O’Brien starts planning, and hangs a lampshade on why the invader doesn’t just take over him instead. I say lampshade because at that moment the doorbell rings and Bashir arrives with an apology gift. The invader plays the part of Keiko well enough, and also spills the beans about Miles’ suprise part.

Rom has been promoted to swing shift, and he’s trying way too hard to fit in when O’Brien mercifully conferences in to interrupt and give them all assignments. The assignment he’s handing out is a big one, and does the most suspicious work himself. During this time, he discusses options with the computer. So far, no options are good enough, so the intense musical sting of Miles O’Brien performing maintenance begins.

You can tell she's posessed because she's smiling.

You can tell she’s posessed because she’s smiling.

Progress is made by the time he has to leave for the party. Keiko has dedicated her entire day to maintaining the charade, including cooking. Watching Miles be so uncomfortable really makes you wonder why the invader didn’t wait until after the party to drop this bomb – he would have a lot fewer opportunities to even accidentally raise suspicion just from being weird and awkward. Maybe it’s on a timetable. During the party, Jake asks if Keiko saw any Pah-wraiths in the fire caves, which is an old Bajoran legend. Or not, probably. Also, watching not-Keiko play with Molly makes him snap a glass, and she lets him know that the first task was just a test, and the real work is yet to come.

Before it’s time for him to cozy up to the almost-ceratinly pah-wraith inhabiting his wife, he asks for information about them, but there’s way too much information to get through. So he goes to sleep, and wakes up to more nightmare. The next day, she gives him his instructions, and he’s about to go to Sisko when she out-thinks him and falls off the balcony to prove she’s not bluffing. She also only gives him 13 hours to complete a 36-hour job, and makes him kiss her in front of Bashir just to torture him. Miles starts a countdown, has a brief interaction with Worf, and gets to work.

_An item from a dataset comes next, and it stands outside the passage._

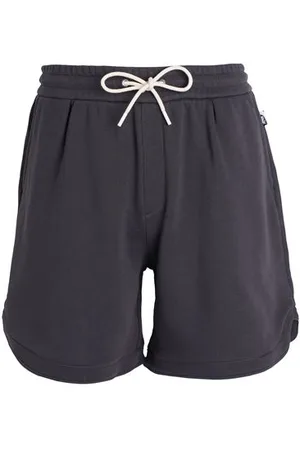 PUMA BOTTOMWEAR - Shorts & Bermuda Shorts - on YOOX.com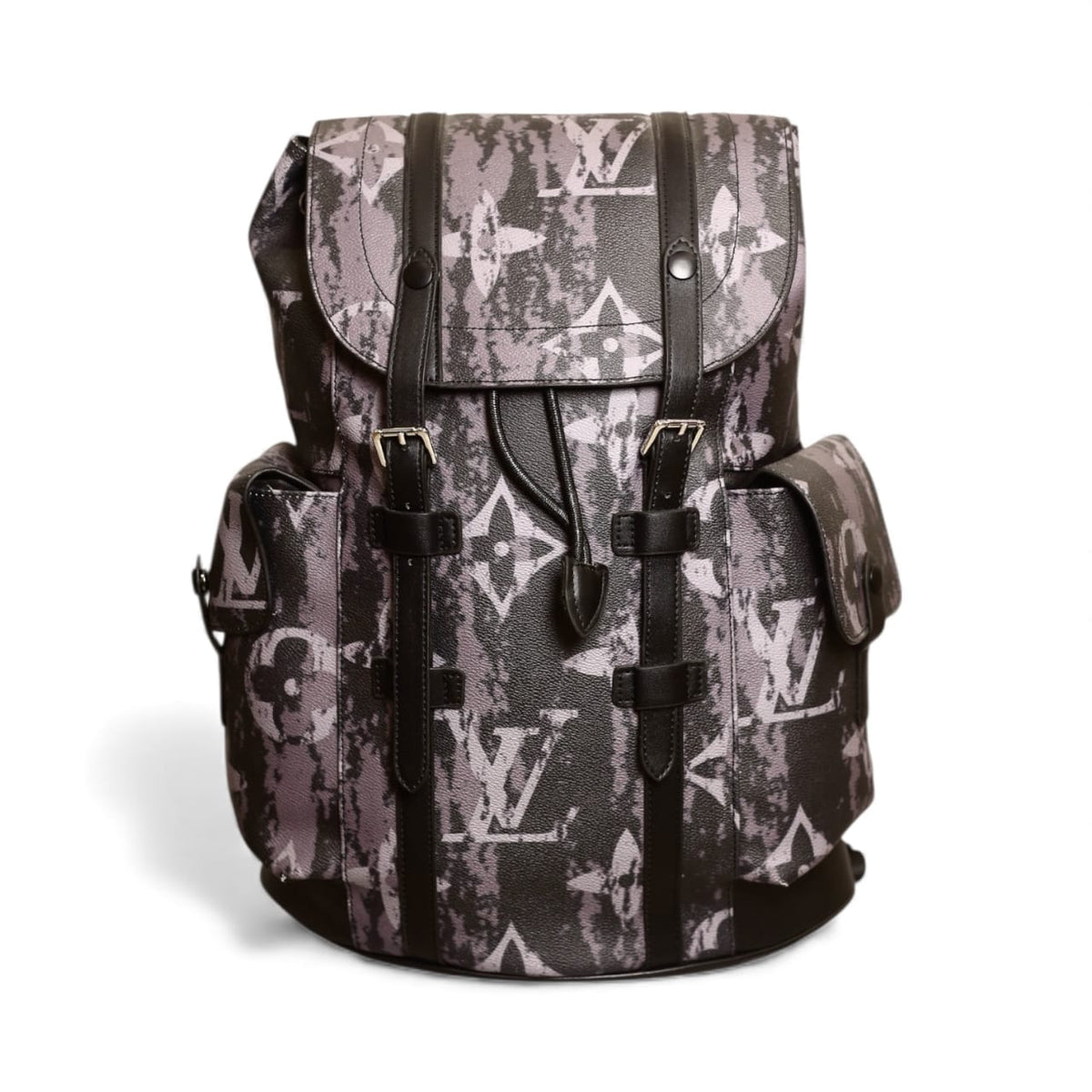 LO-UI-S VIU-TTI-ON  BAG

Five hours later, Rom is done with the assignment he was given, remarkably quickly, due to his Ferengi work ethic and social outcast status. Thus, O’Brien enlists him, under the guise of a secret Starfleet Intelligence mission, and after some brief Top Secret hijinx, the work montage begins. While he’s working in the pit at Ops at three in the morning, Dax interrupts him to bring him disturbing news about the wormhole. She was scanning it as the 24th century, science-officer equivalent of counting sheep and found some anomalous readings that point to a problem on the station. This calls for a conference wasting even more time!

The changes O’Brien has been making have been causing minor fluctuations, and as he gives a report on his sabotage he makes sure to emphasize that it’s doing no damage so far. But Odo, Dax, and Sisko quickly hone in on the maintenance staff as the only possible culprits. Just to twist the knife, Keiko lets Molly call him during the meeting, and it makes him give up Rom. He throws Rom a wink as he’s being dragged away, and then goes to finish the job. Rom does an admirable job of wasting Odo’s time, but then demands to talk to Miles, forcing him to start writing scripts on the fly.

Rom’s willing to hold out, but he does need to know why O’Brien wants to focus a chroniton beam at the wormhole. Since he hasn’t been worried about his wife and daughter, he’s been able to think about the larger implications of what they’re doing – which is turning the station into a death laser that will kill the wormhole aliens though temporal disruptions. This leads to some Nic-Cage-level deductive leaps of Bajoran Folklore, where it turns out the Pah Wraiths are the mythical enemies of the Prophets, banished to the Fire Caves, which Rom knows because he’s been listening to Leeta the Dabo Girl.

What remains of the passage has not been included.